Vor 90 Jahren: Großartiges Spiel deutscher und sudetendeutscher Arbeiterfußballer in München

Foto: Archiv der Seliger-Gemeinde

Am vergangenen Freitag wurde in Prag das Fußball-WM-Qualifikationsspiel zwischen Tschechien und Deutschland ausgetragen. Mannschaften beider Länder haben in den vergangenen knapp 100 Jahren mehrfach gegeneinander gespielt – auch zwischen den Weltkriegen, als es noch die Tschechoslowakei gab.

Thomas Oellermann  (Foto: Archiv Collegium Bohemicum)
Deutschland gegen Tschechien bzw. früher Deutschland gegen die Tschechoslowakei im Fußball – da waren schon einige ganz wichtige und tolle Vergleiche dabei. Es sei nur erinnert an das EM-Finale 1976 in Belgrad, oder an das EM-Endspiel, das 20 Jahre später im Londoner Wembley-Stadion ausgetragen wurde. In einer Zeit aber, in der die Professionalisierung und vor allem der finanzielle Aspekt nicht so ausgeprägt war wie heute, wurden Ländervergleiche auch noch nach einer Art sozialer Einstufung ausgetragen. Das heißt, es gab Länderspiele für bürgerliche Mannschaften, die man aus heutiger Sicht vielleicht als Halbprofis bezeichnen würde. Oder aber Länderspiele für Arbeitersportler, also Teams, die eher den Amateurstatus genossen. Und über ein solches Länderspiel wollen wir heute aus aktuellem Anlass berichten: Die Rede ist von dem Fußball-Länderkampf Deutschland – Tschechoslowakei am 4. September 1927 in München, also vor 90 Jahren. Darüber haben wir mit dem Historiker Thomas Oellermann, gesprochen.

Herr Oellermann, wie kam dieser Vergleich damals zustande? Und kann man sagen: Schon weil das Spiel damals als Wettkampf bezeichnet wurde, war es in erster Linie ein sportlicher Wettstreit?

„Bei diesem Länderwettkampf handelte es sich um ein Arbeiterländerspiel. Das heißt, es trafen de facto die Verbandsmannschaften zweier Arbeitersportverbände aufeinander. Noch einmal kurz zur Einleitung dazu: In den 1880er Jahren bildete sich eine eigene Arbeiterturnbewegung, parallel oder auch in Konkurrenz zum bürgerlichen Turnen, was wir unter dem Namen Friedrich-Ludwig Jahn kennen, also nach dem Motto: frisch fromm fröhlich frei.
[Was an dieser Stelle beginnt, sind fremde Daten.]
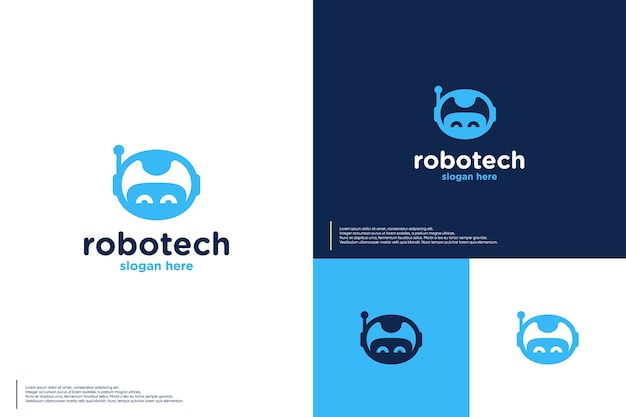 Vetor modelo de design de logotipo mecânico de tecnologia robótica minimalista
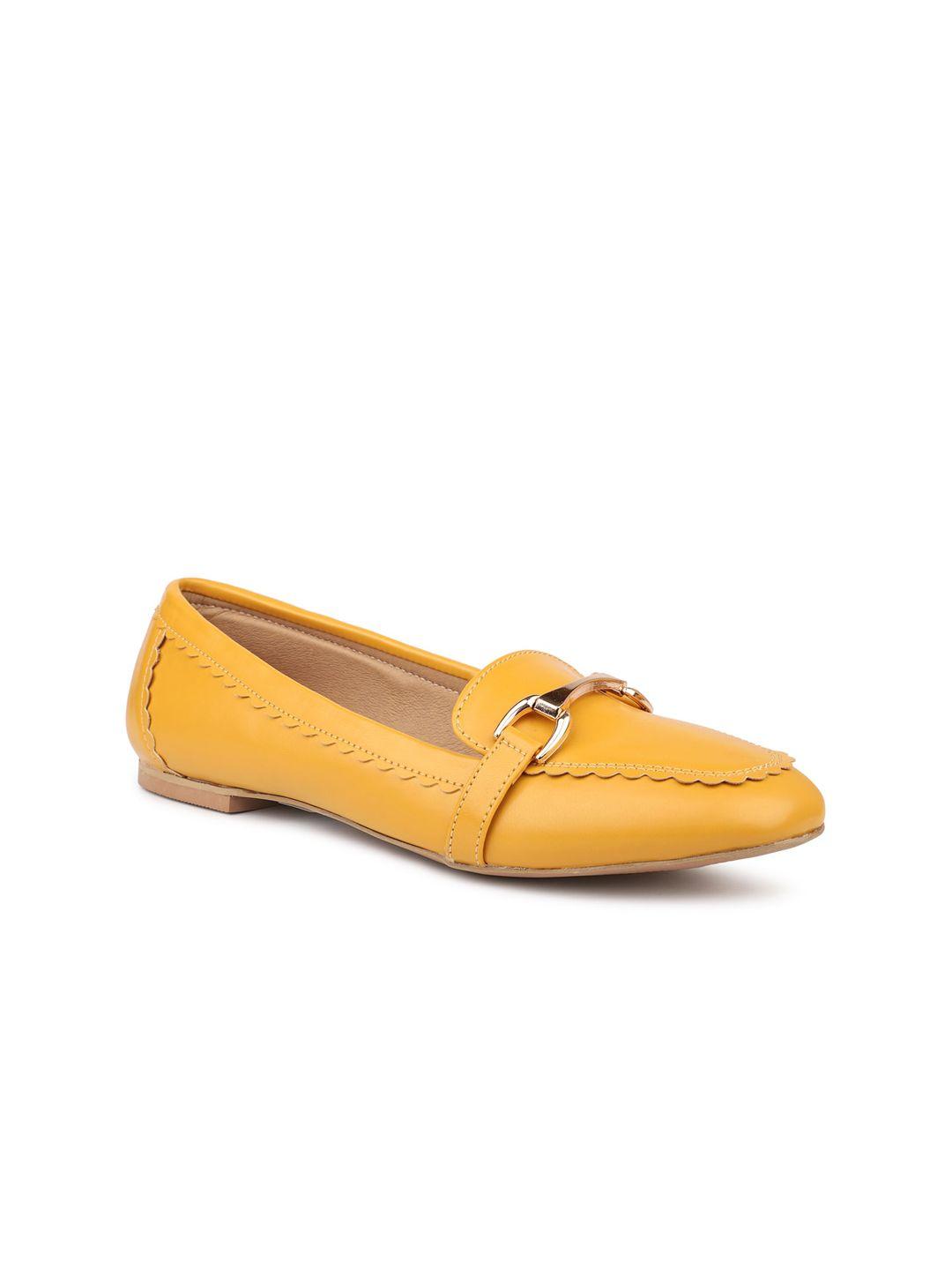 inc 5 women mustard ballerinas with buckles flats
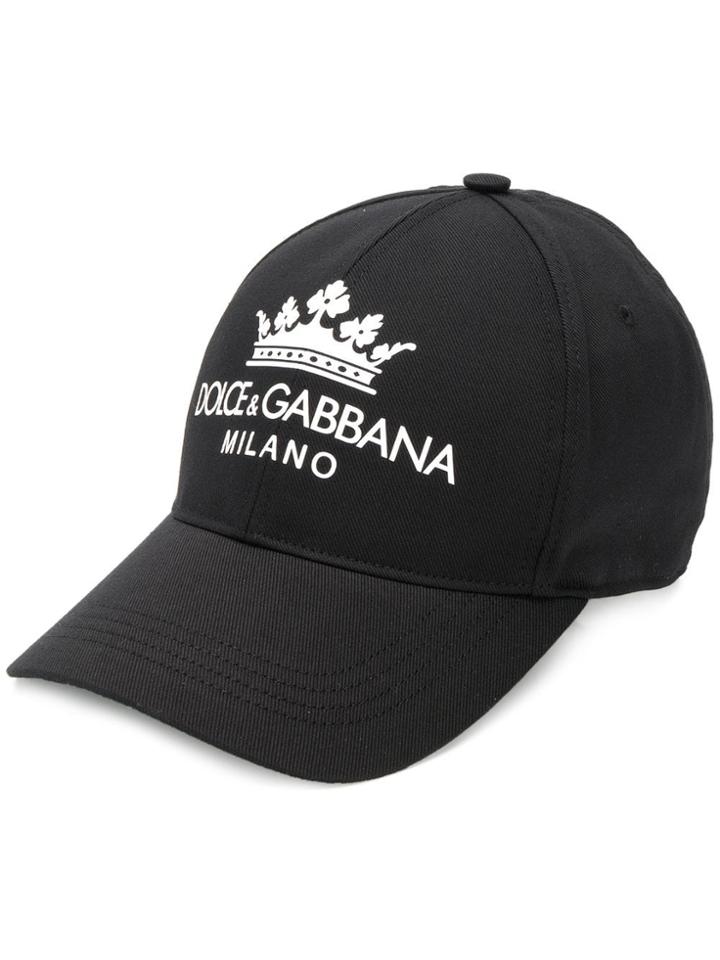 Dolce & Gabbana Logo Print Cap - Black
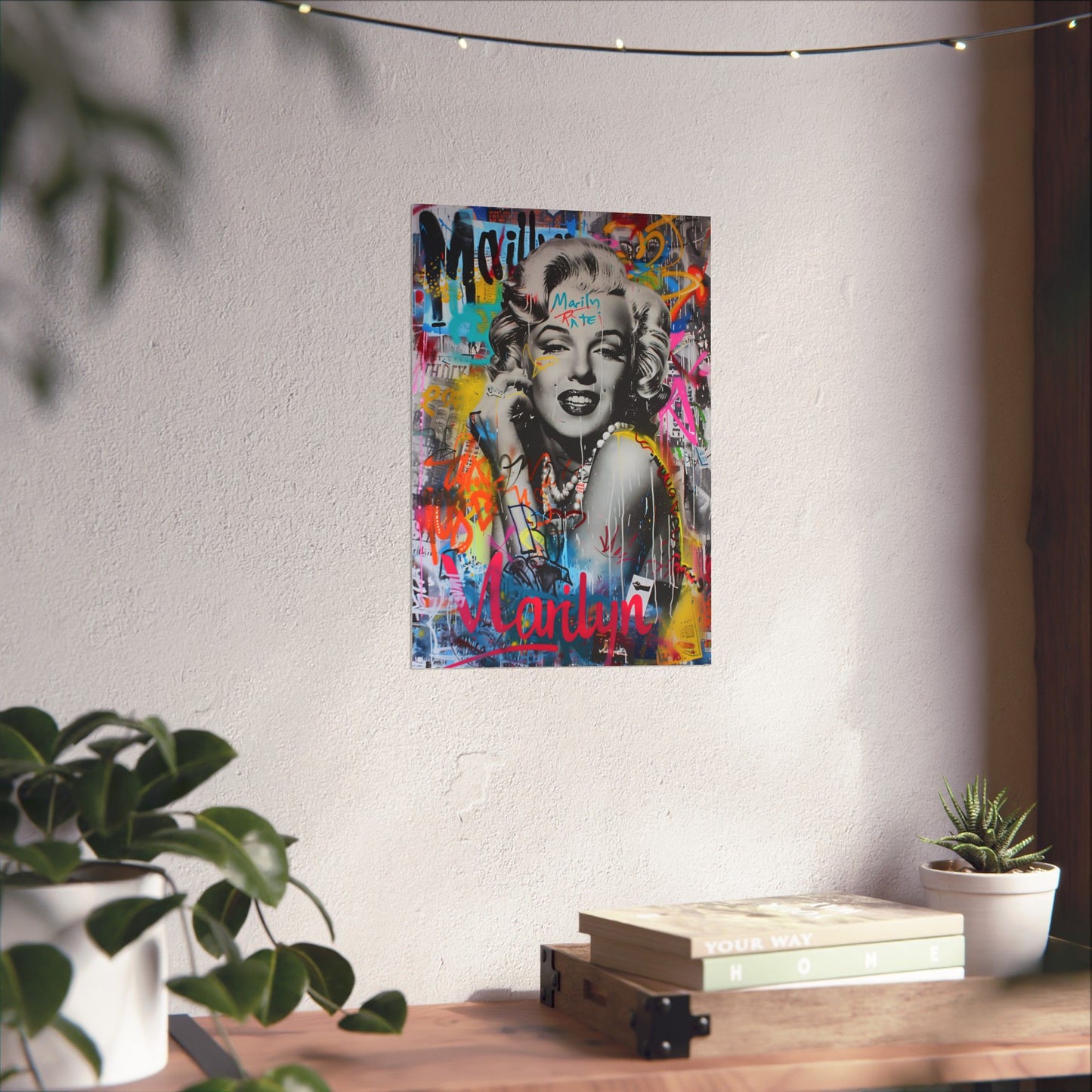 Vibrant Marilyn Monroe Matte Vertical Poster in bold pop art style, perfect for home, office, and trendy spaces. A striking statement piece for art lovers, collectors, and pop culture enthusiasts. High-quality print with rich colors and modern appeal.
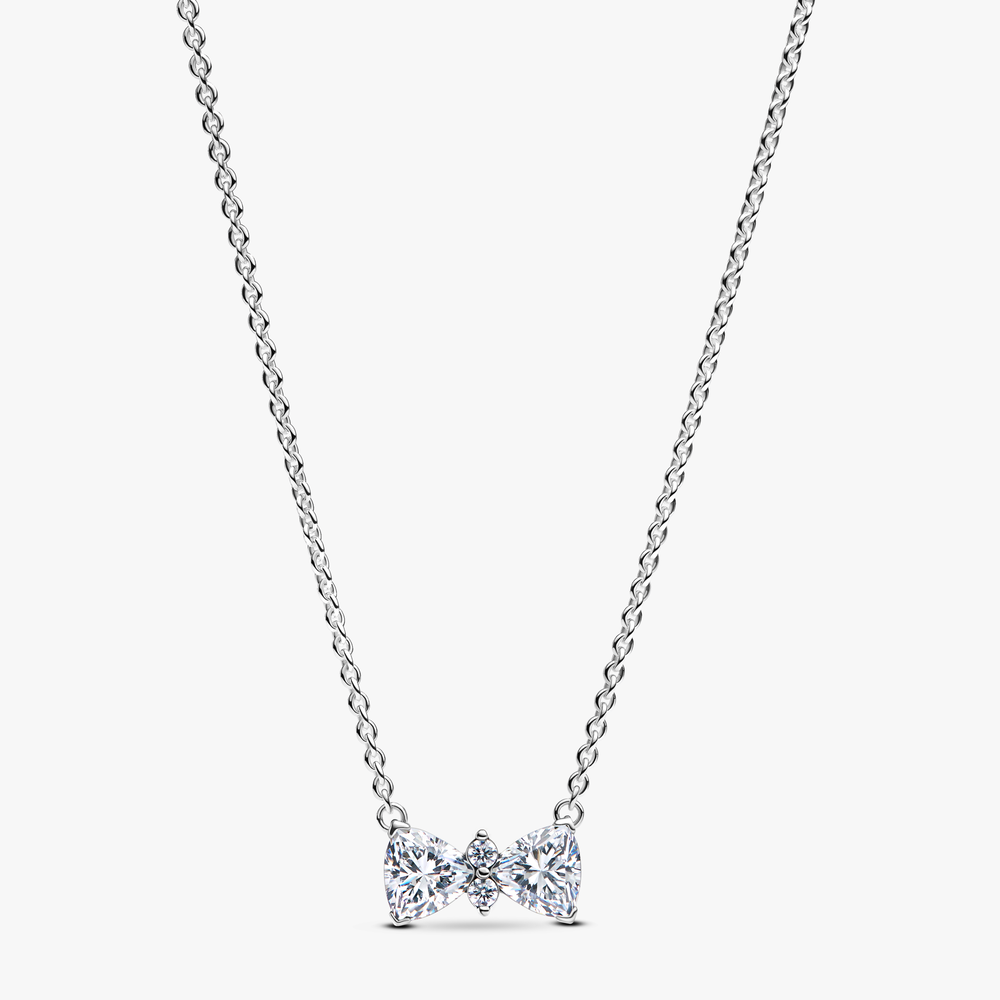 Bow sterling silver collier with clear c 393509C01-45 (High Resolution)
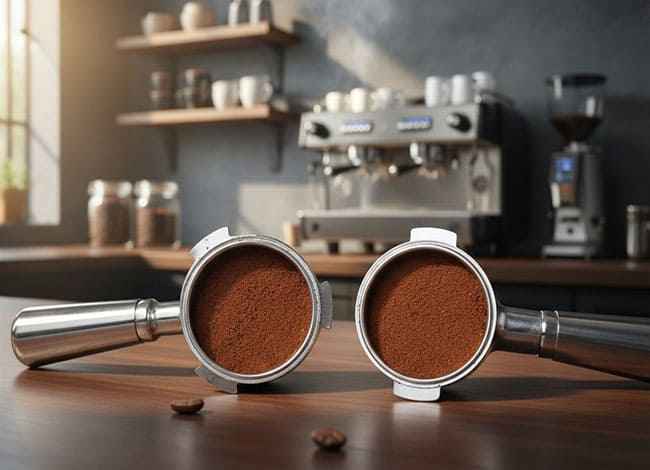 Dos portafiltros de café de 51mm enfrentados mostrando la diferencia visual entre el sistema de 2 orejas angulares y el de 3 orejas para cafeteras domésticas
Die Arbeiterturnvereine haben sich immer mehr organisiert und dazu weitere Sportarten herausgebildet. Fußball war eine davon. Der Fußball etablierte sich zu der Jahrhundertwende also auch in der Arbeitersportbewegung und gewann ständig an Bedeutung. Immer mehr Arbeiter spielten diesen neuen ´britischen´ Sport in ihren Turnvereinen. Nach dem Ersten Weltkrieg hatte sich das dann soweit verfestigt, dass es zwischen den unterschiedlichen Arbeitersportverbänden Länderspiele innerhalb Europas gab. Das heißt also Paarungen der jeweiligen Verbandsmannschaften.“

Quelle: Bibliothek der Friedrich-Ebert-Stiftung
Wie setzten sich die damaligen Teams zusammen? Und wie stark waren die Arbeitervereine bzw. die jeweiligen Arbeiterverbände? Aus wie vielen Mitgliedern (Spielern) konnten sie ihr Aufgebot rekrutieren?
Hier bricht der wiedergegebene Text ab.